In Memoriam John Bienenstock (1936-2022)
John Bienenstock CM FRSC
John Bienenstock, who has been a highly valued member of the executive board of the Old Herborn University Foundation since 2017, passed away unexpectedly on July 25.
John Bienenstock was born on October 6, 1936, in Budapest, Hungary, of Jewish parents. He escaped with his parents to England in 1939, where he did grow up. He was educated at St. Paul’s School in London and studied medicine at King’s College and Westminster Hospital Medical School in London. He graduated with his MBBS degree in 1960.
John moved to the United States in 1964 where he was offered a position in the famous Massachusetts General Hospital. There he held a Fellowship in Rheumatology in the Lovett Memorial Group under Dr. Kurt Bloch. John trained further in mucosal immunology as a postdoctoral researcher with Dr. Tom Tomasi in Buffalo, NY. Here mucosal mast cells were first characterized by him, as was “BALT” (i.e. bronchus associated lymphoid tissue) which led to the concept of a common mucosal immune system.

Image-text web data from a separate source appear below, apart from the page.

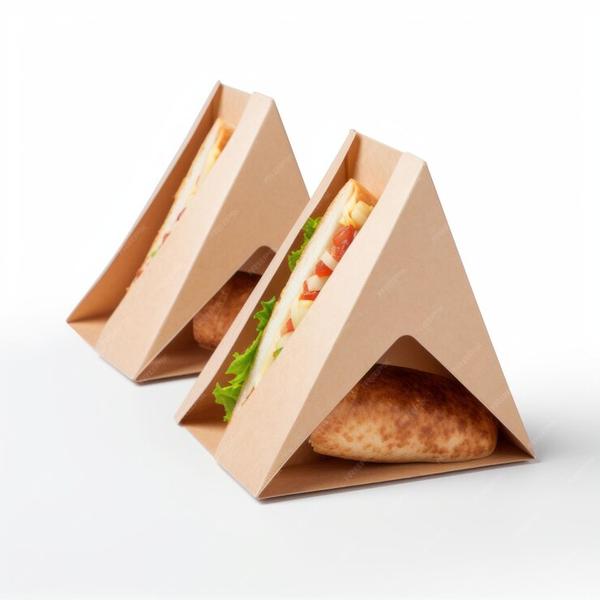 TRIANGLE KRAFT SANDWICH BOX IN BEST QUALITYSIZE : REGULARCOLOR : BROWNMATERIAL : KRAFT PAPERPACK OF : 100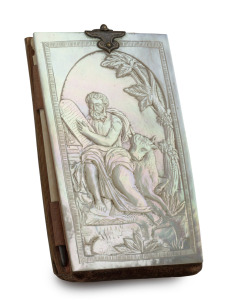 GRAND TOUR antique mother of pearl notebook carved with biblical scene of Moses, and housing original ivory pencil, 19th century, 9.5cm high.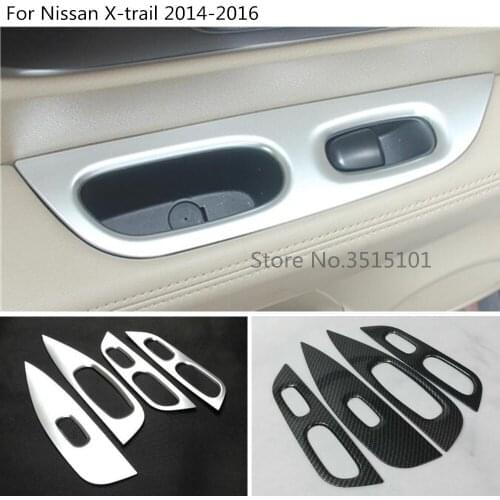 Car body door Window glass panel Armrest Lift Switch Button trim frame 4pcs For Nissan X-trail xtrail T32/Rogue 2014 2015 2016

Both revelations have resulted in significant changes to therapeutic approaches in allergy and mucosal immunology respectively.
John was recruited to the new McMaster University Medical School in Hamilton, Ontario, Canada in 1968. He held the title of Distinguished University Professor (Medicine and Pathology) at McMaster University.

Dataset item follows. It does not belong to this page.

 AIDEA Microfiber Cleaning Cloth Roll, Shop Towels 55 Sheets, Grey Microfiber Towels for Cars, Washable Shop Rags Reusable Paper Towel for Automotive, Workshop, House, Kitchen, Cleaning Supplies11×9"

John was the Founding Director of the McMaster Brain-Body Institute at St. Joseph’s Healthcare Hamilton where he studied the interactions between the nervous and immune systems. His landmark studies since 1987 on the two-way interactions and influences between the nervous and immune systems (psychoneuroimmunology) have impacted our understanding of conditions as varied as allergy and rheumatoid arthritis.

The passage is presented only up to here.